ITEM 3. INCORPORATION OF DOCUMENTS BY REFERENCE.

There are hereby incorporated by reference in this Registration Statement the
following documents and information heretofore filed by Intelligent Systems
Corporation (the "Company") with the Securities and Exchange Commission:

a.       The Company's Annual Report on Form 10-K for the year ended December
31, 2000;

b.       All other reports filed pursuant to Sections 13, 14 or 15(d) of the
Securities Exchange Act of 1934, as amended (the "Exchange Act of 1934") since
December 31, 2000; and

c.       The description of the Company's Common Stock contained in the
Company's Registration Statement on Form 8-B filed November 15, 1991, pursuant
to Section 12 of the Exchange Act of 1934, as amended by various reports and
other documents filed pursuant to the Exchange Act of 1934.

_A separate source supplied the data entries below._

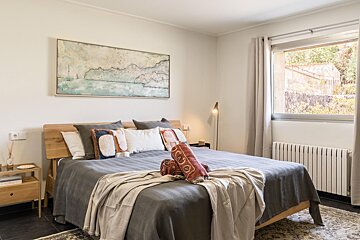 A bedroom with a large painting on the wall above the bed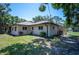 The backyard features lush greenery and a well-maintained lawn at 1712 Fessler St, Englewood, FL 34223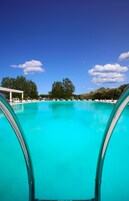 Una piscina al aire libre de temporada, sombrillas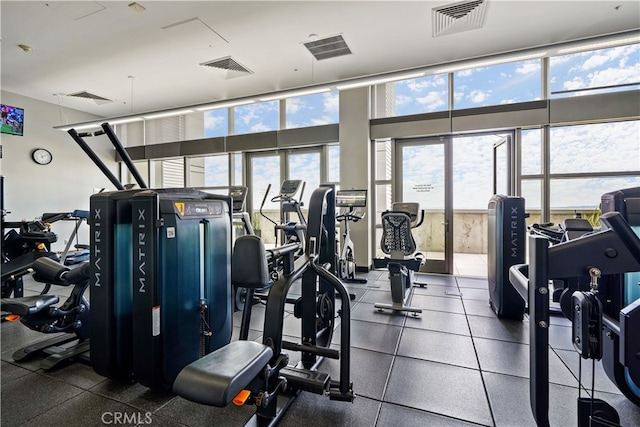 exercise room featuring visible vents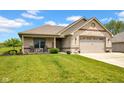 Attractive brick home featuring a cozy front porch with seating and a lush green lawn at 3072 W Glacier Dr, Monrovia, IN 46157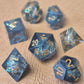 A set of sharp-edge resin dice with ocean-blue transparency, shimmering foil inclusions, and gold numbering, displayed on a textured beige surface.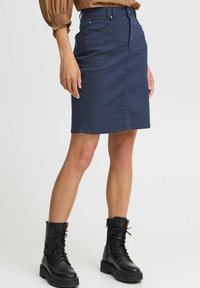 Mörkblå denimpennkjol med medelhög midja, fem-knappslås framtill och två sidofickor. Kombinerad med svarta snörboots.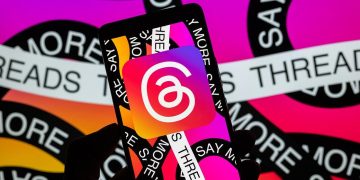 گوشی هوشمند در دست کاربر با نمایش لوگوی شبکه اجتماعی Threads روی صفحه، پس‌زمینه گرافیکی با رنگ‌های گرادیانی و تکرار نام Threads
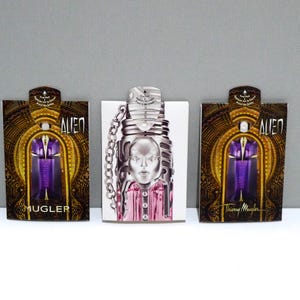 May include: Three perfume bottles and boxes. The boxes are brown with gold accents and the word "ALIEN" in white. The perfume bottle in the center has a silver face design and a chain. The perfume inside is pink.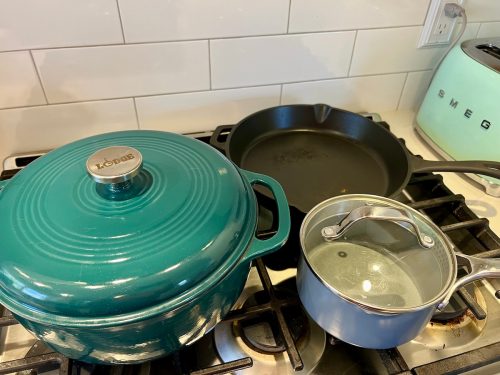 Blue and green pots and pans on a stove
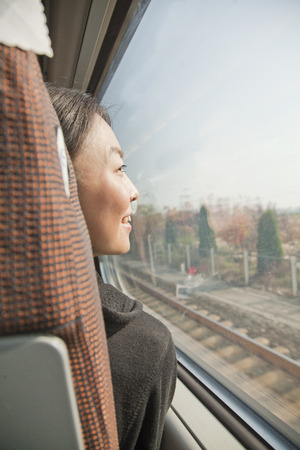 Young Woman Looking Out the Window of a Trainの写真素材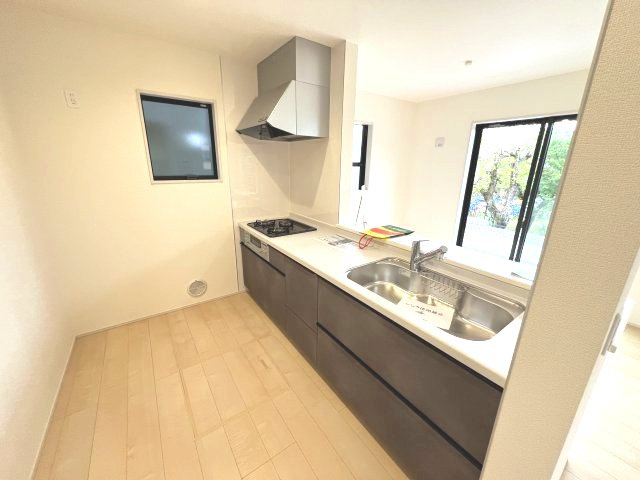 あきる野市五日市　新築戸建全4棟のキッチン|対面キッチンがご家族の温かい時間を演出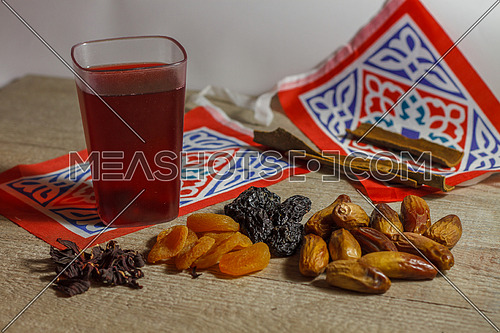Dates, Karkade Drink (hibiscus tea)  and Ramadan Decorations on a wooden table top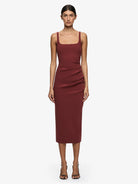 Woman wearing a burgundy dress on a white background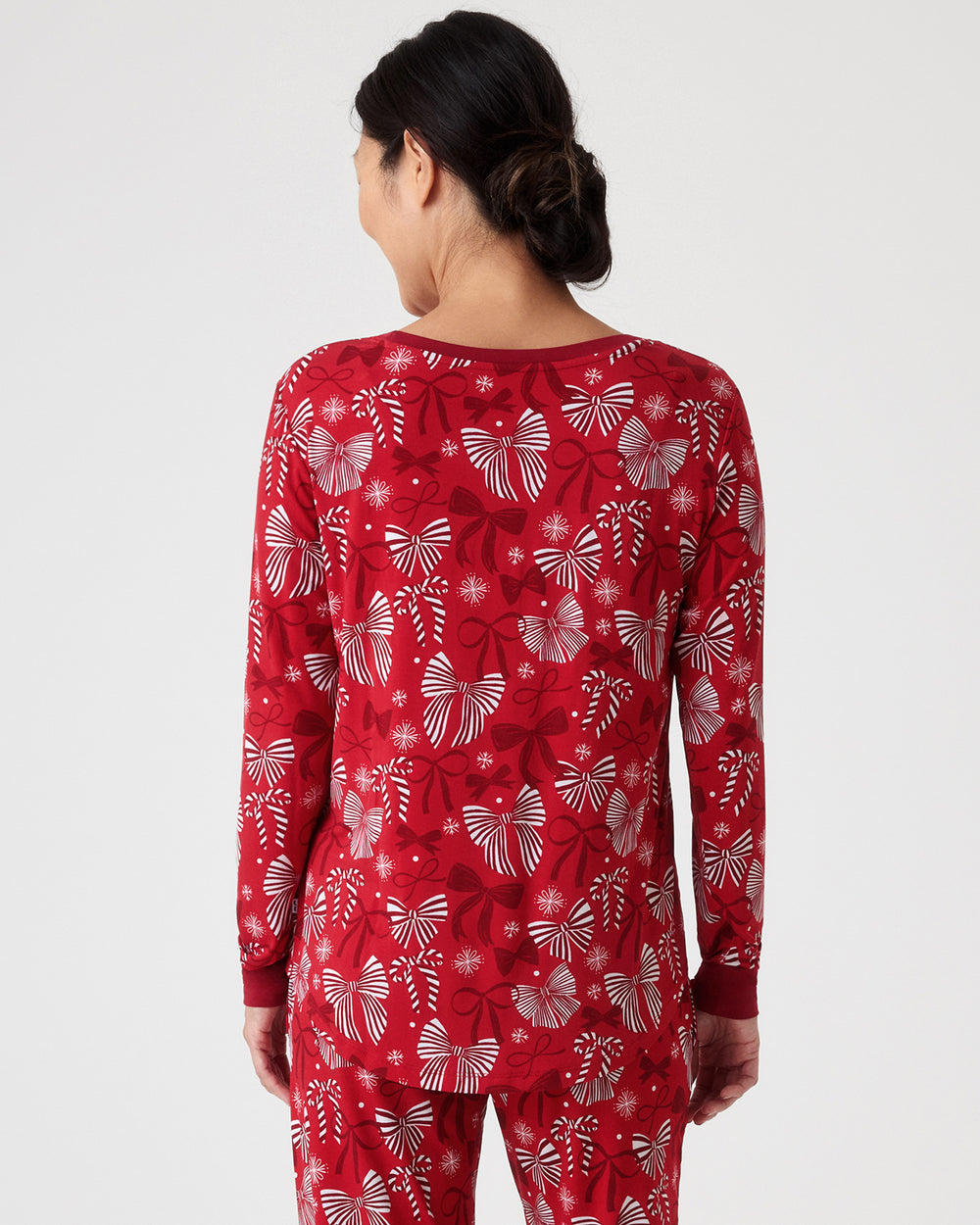 A woman viewed from the back wearing a red long-sleeve pajama top and matching pants with a white holiday-themed pattern of bows and snowflakes, against a light studio background.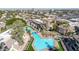 Aerial view of community pool, spa, and surrounding buildings at 1331 W Baseline Rd # 316, Mesa, AZ 85202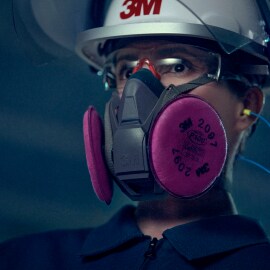 Woman using 3M Reusable Respirator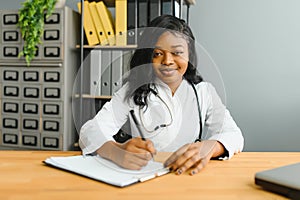 Portrait confident African female doctor medical professional writing patient notes isolated on hospital clinic hallway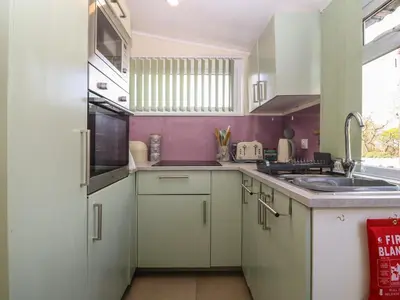 a kitchen with white cabinets and a sink at Y Goedlan in Tywyn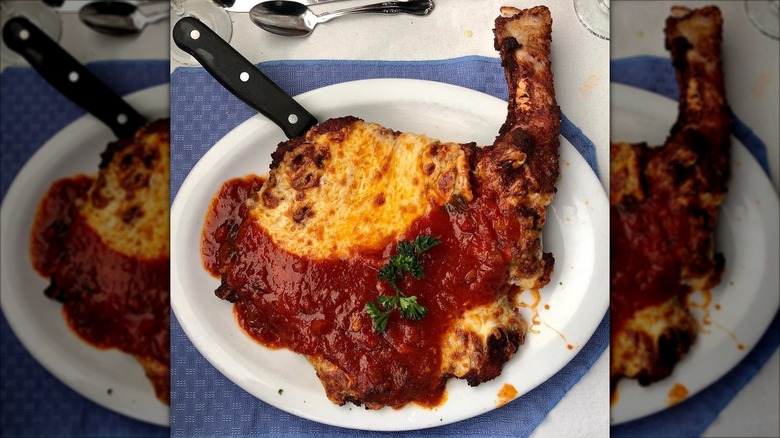 Veal chop parmesan on a plate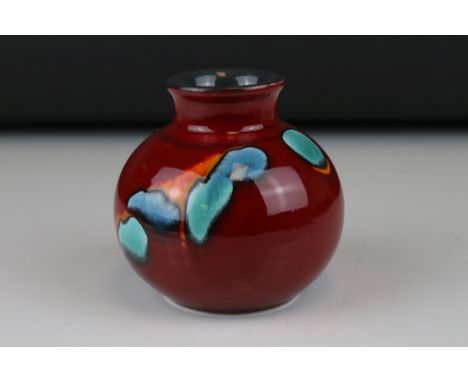 A late 20th century red ground Poole Pottery vase of squat form, 10 cm tall. 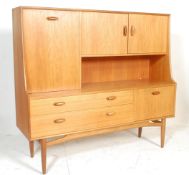 Brasilia - A retro 20th Century teak wood G-Plan highboard sideboard credenza, being raised on
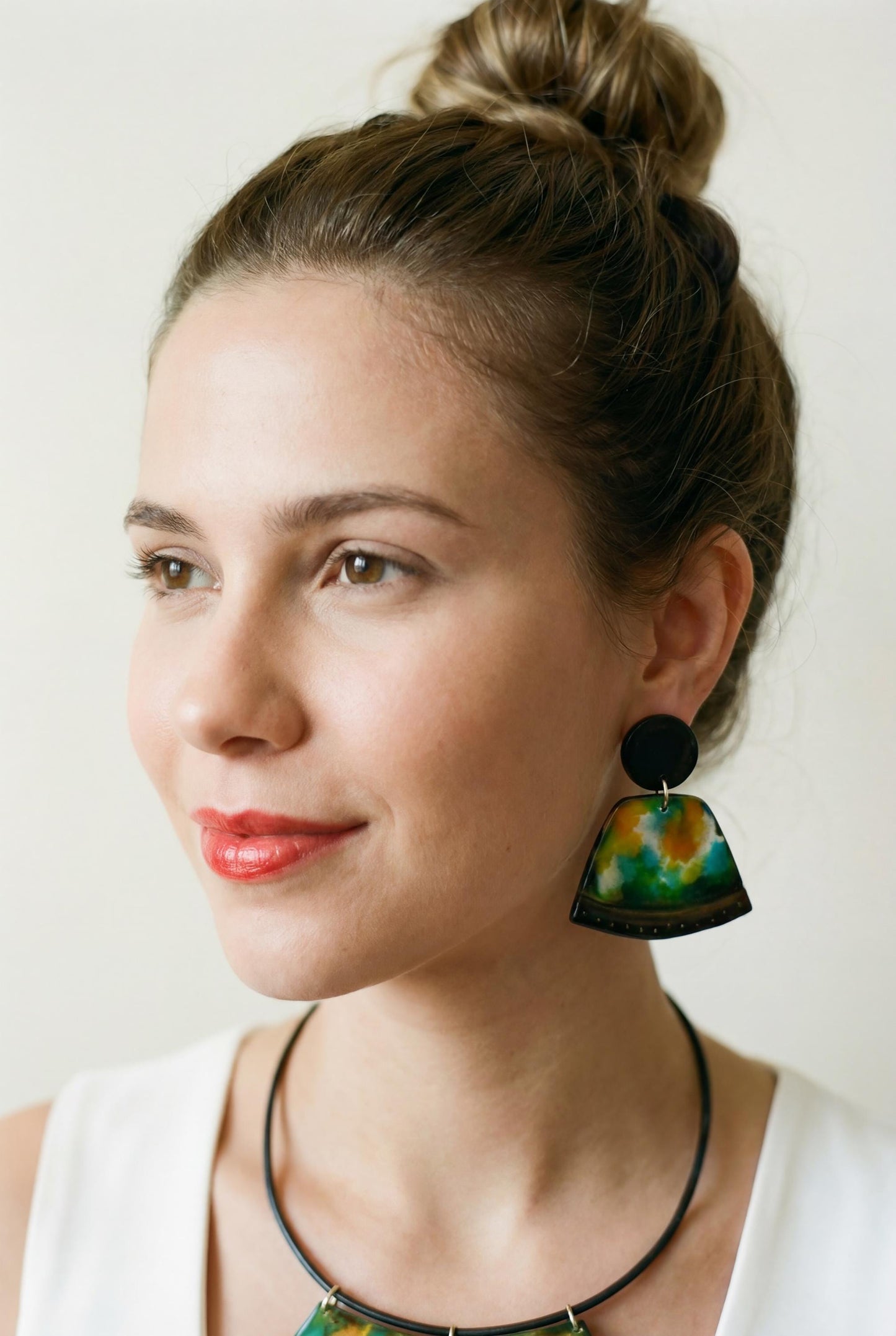 Woman wearing colorful earrings against a plain background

All documents filed by the Company pursuant to Sections 13, 14 and 15(d) of the
Exchange Act of 1934 after the date of this Registration Statement and prior to
the filing of a post-effective amendment that indicates that all securities
offered have been sold or which deregisters all securities then remaining
unsold, shall be deemed to be incorporated by reference in this Registration
Statement and to be part hereof from the date of filing of such documents.

ITEM 4. DESCRIPTION OF SECURITIES.

Not applicable.

ITEM 5. INTERESTS OF NAMED EXPERTS AND COUNSEL.

Not applicable.

ITEM 6. INDEMNIFICATION OF DIRECTORS AND OFFICERS.

Section 14-2-850, et. seq., of the Georgia Business Corporation Code (the
"Code") authorizes the Company to indemnify its directors, officers, employees
and agents in certain circumstances. Section 14-2-856 expressly allows the
Company to provide, with shareholder approval, indemnification rights that are
broader than otherwise provided under the Code. Article Eight of the Company's
Bylaws provides for broader indemnification rights than expressly provided under
the Code. The following is a summary of the material provisions of Article
Eight.

Article Eight requires the Company to indemnify any director of the Company who
was or is a party, or is threatened to be made a party, to any threatened,
pending or completed action, suit, or proceeding, whether civil, criminal,
administrative, or investigative, whether formal or informal, including any
action or suit by or in the right the Company (a "Proceeding") because he or she
is or was director, officer, employee, or agent of the Corporation, against any
judgment, settlement, penalty, fine, or reasonable expenses (including, but not
limited to, attorneys' fees and disbursements, court costs, and expert witness
fees) incurred with respect to the Proceeding, provided, however, that no
indemnification can be made for: (a) any appropriation by a director, in
violation of the director's duties, of any business opportunity of the Company;
(b) any acts or omissions of a director that involve intentional misconduct or a
knowing violation of law; (c) the types of liability set forth in Code Section
14-2-832 of the Code (dealing with unlawful distributions); or (d) any
transaction from which the director received an improper personal benefit.
Article Eight also provides that, if the board approves, a Director may have
expenses (including, but not limited to, attorneys' fees and disbursements,
court costs and expert witness fees) advanced to the Director prior to the final
disposition of the Proceeding; provided that the Director furnishes the Company
a written affirmation of his or her good faith belief that he or she has met the
applicable standard of conduct


                                       2
<PAGE>   3

and a written undertaking and agreement to repay to the Company any advances
made if it is determined that the Director is not entitled to be indemnified by
the Company for such amounts. The Company is also required to provide similar
rights to each director who is or was serving as a director, officer, partner,
trustee, employee or agent of (a) Intelligent Systems Master, L.P., INTS
Management Company or any of their current or former affiliates, or (b) another
corporation, partnership, joint venture, trust, employee benefit plan or other
enterprise at the Company's request.

The Board of Directors also has the authority to extend to officers, employees
and agents the same indemnification rights held by directors, subject to all of
the accompanying conditions and obligations. The Board of Directors has not yet
extended any such indemnification rights to any officers, employees or agents.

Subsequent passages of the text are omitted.